煌びやかなドレス、強い香水の匂い、そして中身のない会話の応酬。
この場にあるものすべてが、私の興味とは対極にある。
「――皆様、聞いてくれ! 今日は我が国の農業史が変わる記念すべき日となるだろう!」
会場の中央で声を張り上げたのは、私の婚約者である王太子、ヘリオス殿下だった。
金髪碧眼、絵に描いたような王子様。
隣には、ピンク色の髪をふわふわと揺らす男爵令嬢、リリィ様が恥ずかしそうに寄り添っている。
私の立ち位置は、彼らから数メートル離れた壁際だ。
本来なら婚約者として隣に立つべきなのだが、殿下は「君の地味なドレスは会場の華やかさを損なう」と言って私を遠ざけた。
合理的だとは思う。
確かに私は、フリルやリボンよりも、肥料の配合比率を考える方が性に合っているから。
「このリリィが、画期的な農業改革論をまとめ上げたのだ! これさえあれば、痩せた土地もたちまち肥沃になり、我が国の食料事情は劇的に改善する!」
会場がどよめいた。
リリィ様がおずおずと差し出したのは、青い革表紙で綴じられた一冊の論文。
……青い革表紙?
私の眉が、意思に反してピクリと動く。
あれは、私が一年間かけて執筆し、先週「査読をお願いします」と殿下の執務室に提出したものと酷似している。
いや、背表紙についたインクの染みまで同じだ。
「まあ、リリィ様が? あんなに可憐なのに、そのような才覚がおありだなんて」
「それに引き換え、セレナ嬢は……、いつも土いじりばかりしている割に、何の成果も出していないじゃないか」
「まさに泥臭い令嬢だな」
周囲の貴族たちが、口元を隠しながら私を嘲笑する。
私の胸中に湧き上がったのは、悲しみでも怒りでもない。
純粋な疑問と、データの不整合に対する違和感だった。
リリィ様は、農業の「の」の字も知らないはずだ。
以前、彼女とお茶をした際、「小麦粉って木になる実からできるんですよね?」と真顔で聞いてきたレベルである。
私はシャンパングラスを給仕のトレイに戻し、静かに歩み出た。
カツ、カツ、とヒールの音が響く。
人垣が割れ、私が殿下とリリィ様の前に立つと、リリィ様は大げさに身をすくませた。
「せ、セレナ様……、ごめんなさい。
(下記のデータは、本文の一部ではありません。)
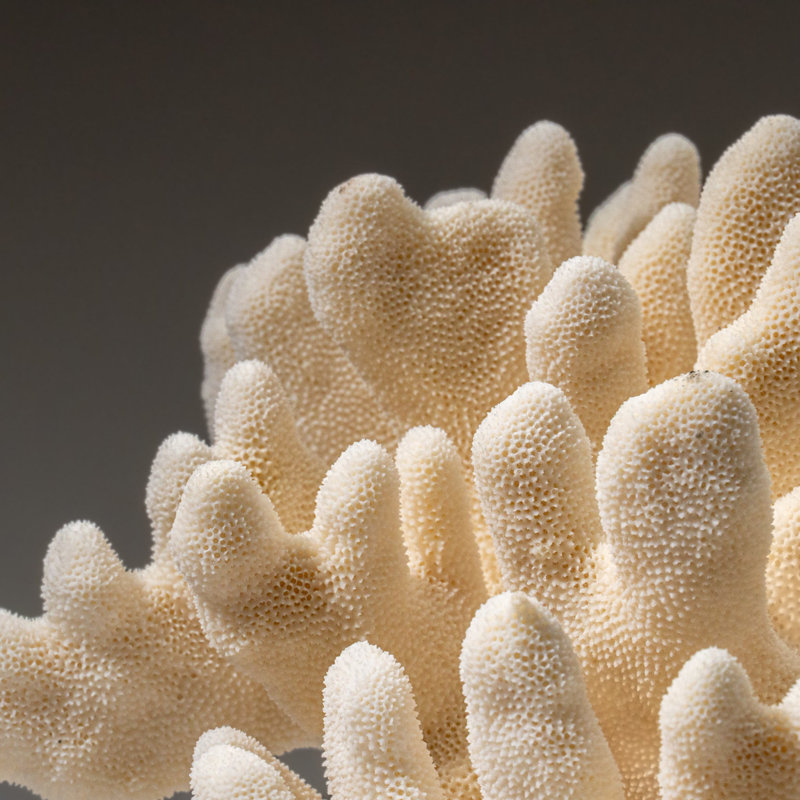 Genuine White Cat's Paw Coral (6.5 Lbs)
私が、差し出がましいことを……」
「セレナ、何の用だ。今、リリィの功績を称えている最中だぞ」
ヘリオス殿下が不機嫌そうに私を睨む。
私は丁寧なお辞儀をした後、眼鏡のブリッジを中指で押し上げ、淡々と口を開いた。
「お祝いを申し上げに参りました、殿下。そしてリリィ様。……ですが、少々確認させていただきたいことが」
「確認だと?」
「はい。その論文、タイトルは確か『連作障害における土壌微生物叢の遷移と拮抗作用』でしたね?」
リリィ様が「えっ?」と小さな声を漏らす。
彼女の手元にある論文のタイトルは、確かにその通りだ。
「リリィ様。貴女が書かれたのでしたら、当然内容も熟知されているはず」
「も、もちろんですわ! 皆様のために、一生懸命勉強して……」
「では、15ページ目の記述について質問させてください」
私は周囲の貴族たちにも聞こえるよう、よく通る声で続けた。
「そこには根圏微生物の共生バランスについて記されています。そのバランス係数を導き出すための数式と、窒素固定菌が活性化する具体的な水素イオン濃度指数、つまりphの範囲を、今ここで説明していただけますか?」
会場が静まり返った。
リリィ様の顔から、血の気が引いていく。
彼女の目は泳ぎ、口元はパクパクと金魚のように開閉を繰り返すだけだ。
「え、えっと……、それは……、その、すごく複雑な計算で……」
「複雑? いえ、基礎的な一次方程式の応用です。農業に従事する者なら、土を見た瞬間に概算できるレベルのものです」
私は一歩踏み出す。
心理的な圧迫を与えるためではない。
ただ、真実を明らかにするという実験プロセスの一環として。
「答えられないのですか? ならば、私があなたにもわかるように簡単に答えましょう」
私は淡々と続ける。
「有機物分解速度定数を仮定して、減衰曲線に基づき計算すると、窒素固定菌が最も活性化するpHは6.0から6.5の微酸性域。これよりアルカリ性に傾けば、アンモニア揮散が発生し、肥料効果は半減します」
一息で言い切ると、私はリリィ様を見据えた。
「……理解していない言葉を並べても、現実は動きません。土は正直です。嘘の知識を撒けば、作物は枯れるだけです」
完璧な論証だった。
誰がどう見ても、その論文の真の著者が誰であるかは明白だ。
盗作の冤罪を晴らすどころか、結果的に相手の無知を衆人環視の中で証明することになった。
しかし。
現実は、論理だけでは動かないらしい。
「――いい加減にしろ、セレナ!」
怒鳴り声と共に、ドンッ、と肩を突き飛ばされた。
よろめいた私が見たのは、顔を真っ赤にしたヘリオス殿下だった。
彼は震えるリリィ様を庇うように抱き寄せ、私を軽蔑の眼差しで見下ろしている。
「殿下? 今の説明をお聞きになれば、この論文が……」
「数字、数字、数字! 君はいつもそればかりだ!」
殿下は吐き捨てるように言った。
「リリィが一生懸命、国の未来を憂いてこの論文を持ってきた……。その心が大事なのだ! 彼女の純粋な善意を、小賢しい理屈と数式で汚すなど、言語道断である!」
「……は?」
思わず、貴族令嬢にあるまじき間の抜けた声が出た。
心?
善意?
それで農作物が育てば、誰も苦労はしない。
飢饉の村で「愛しています」と叫べば小麦が実るなら、私は研究など辞めて詩人にでもなるだろう。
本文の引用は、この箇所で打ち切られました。